Last month's election results didn't change that.

"When the election results came out, some of the kids dropped out and other kids dropped on," Vincent said. "Most of our population is disappointed with the results. But I think it's a huge learning opportunity."

It's a lesson, she said, in "how important it is to participate in civics. You can never be too young to start understanding this stuff."

Part of that, she said, is understanding the need for decorum in the peaceful transition of power.

"We've had to have some frank and honest conversation about 'don't engage, it may not be the time to share your opinion on some things,'" Vincent said. "I'm not saying, 'Don't have [opinions].' And the kids get it. I think it was an eye-opening moment for them to understand just how important all of this is and what a gift it is."

This year, Quigley was able to come through again with tickets in a secure area for the actual inauguration, which Vincent said was a priority this time around.

"I feel more relieved, because we're in a safer area, because there's a real air of uncertainty, in part because of the state of things," she added.

Making It Happen

Vincent has been at Alcott East, 2625 N. Orchard St., since she was a student teacher out of DePaul University in 2002. "It's the only school where I've taught," she said.

The school launched a traditional spring trip program for middle school students in 2011, with the first trip in 2012. Soon after, Vincent found out that their trip organizer, EF Explore America, also had a trip available the following year in sync with the inauguration.

"We had started out doing spring break trips, and this just sort of fell in my lap," she added.

When the opportunity presented itself again this year, the school jumped at it. Some students have been paying for it on an installment plan for almost two years.

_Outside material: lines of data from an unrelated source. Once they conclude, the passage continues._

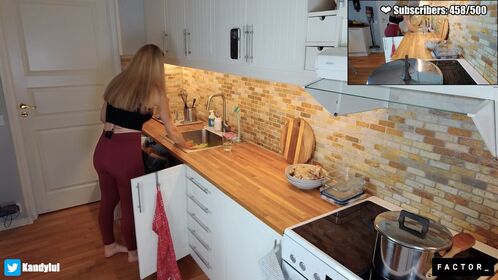 Kandyland Ảnh OnlyFans khỏa thân rò rỉ 169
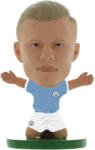  Figurina Soccerstarz Manchester City Erling Haaland Home Kit Classic Kit 405750 Figurina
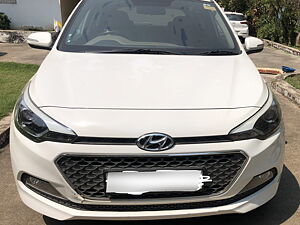 Second Hand Hyundai Elite i20 Asta 1.4 CRDI (O) [2016-2017] in Daman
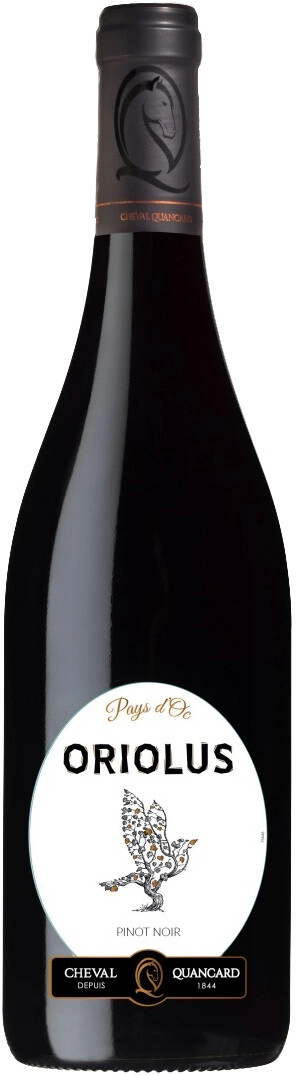 Вино "Oriolus" Pinot Noir, Pays d'Oc IGP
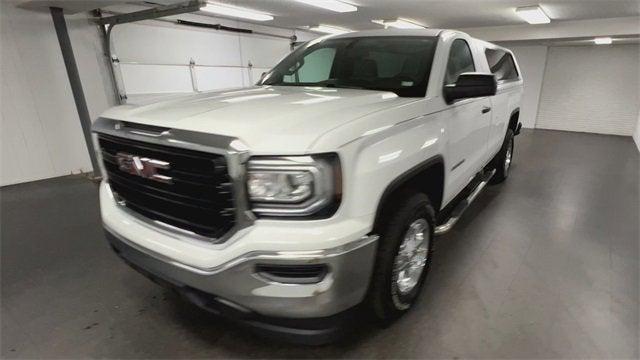 used 2018 GMC Sierra 1500 car, priced at $26,335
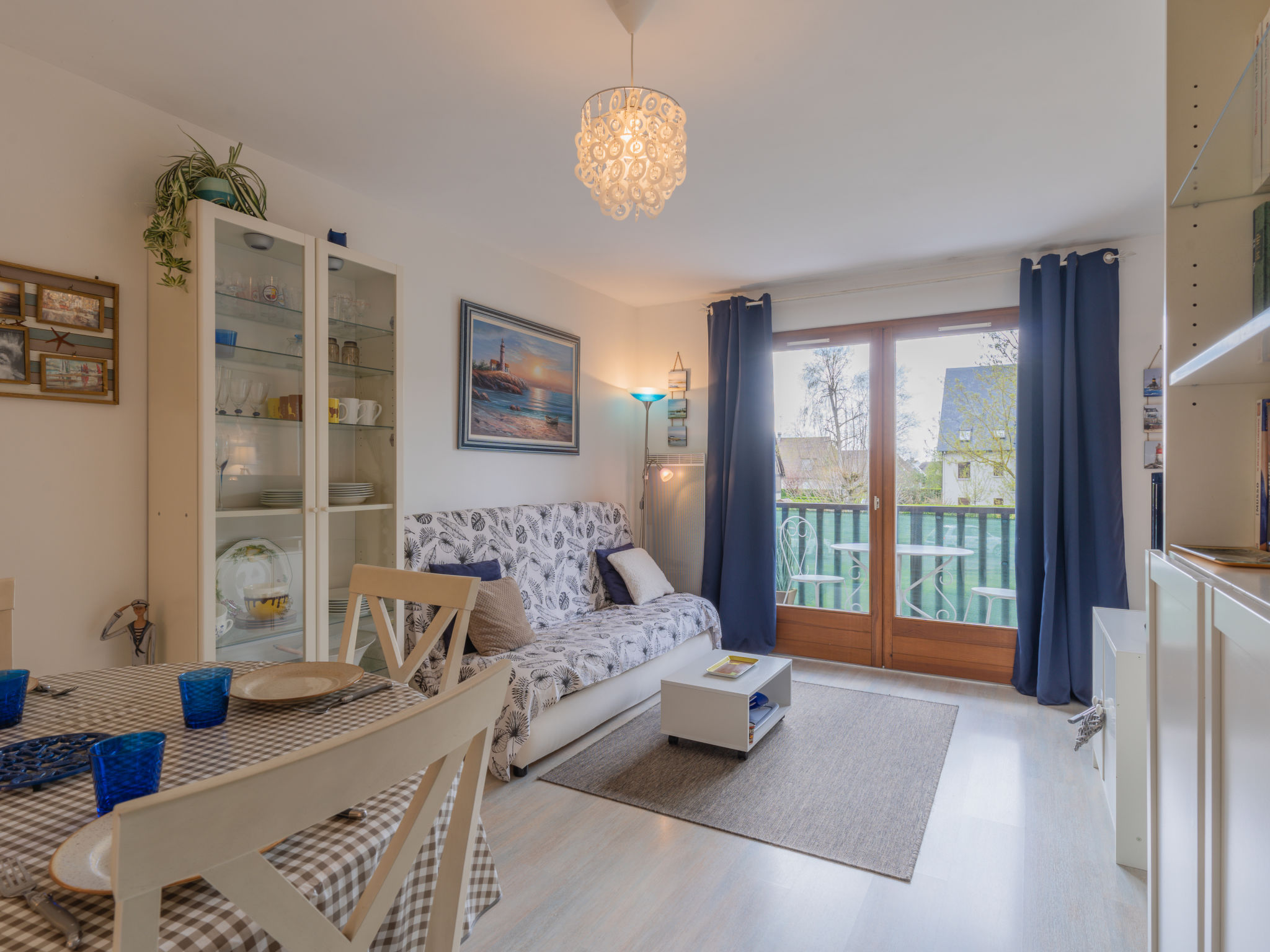 Les Sylvestres Apartment in Cabourg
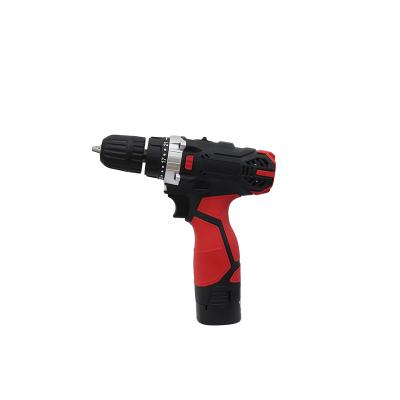 China Plastic+metal MANRUN Household14.4V Two Speed ​​Cordless Drill Machine for sale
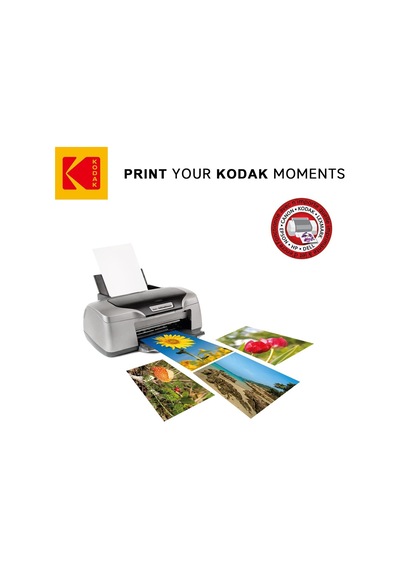 Kodak Fine Art Kağıt/etching Premium Fotoğraf Kağıdı, 21 X 29,7 Cm A4 210 G/m², 210 G/m², Her Mürekkep Püskürtmeli Yazıcı İçin Uygundur, 20 Yaprak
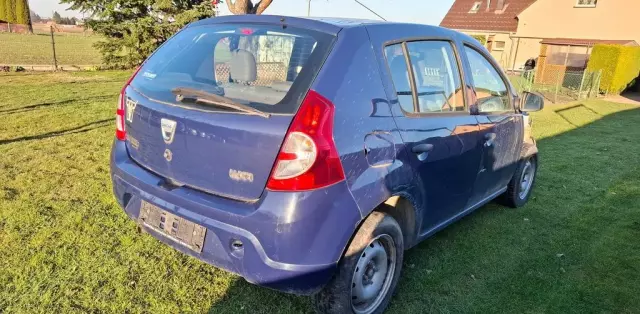 DACIA Sandero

In between, they made trips to Boston instead.

"A lot of our families go to Washington on their own. This was a little something different," Vincent said. "There's a whole lot of history in Boston."

It's also more walkable and, near Lexington and Concord, Mass., there's also the family home of the school's namesake, Louisa May Alcott. As it turned out, the Orchard House curators there were almost as excited to have students from Alcott School, on Orchard Street, as the students were to visit the house.

Now, however, it's back to Washington for the Trump inauguration. "This is one of the reasons why I'm a teacher — to do this stuff," Vincent said. The students, she added, are "anxious;" for some it's their first trip away from parents. "But once we get there, to watch them figure it out and see how lucky they are to get to do this is so crazy cool."

The students also are invited to an inaugural ball being organized by EF Explore America. "They're all excited," Vincent said. "They have such cute outfits."

The big day is nearing, for the students and for Trump.

"We leave in less than four weeks," Vincent said. "I wish every kid could get to go and do this. I think it would change the game, and people would understand how important it is to participate."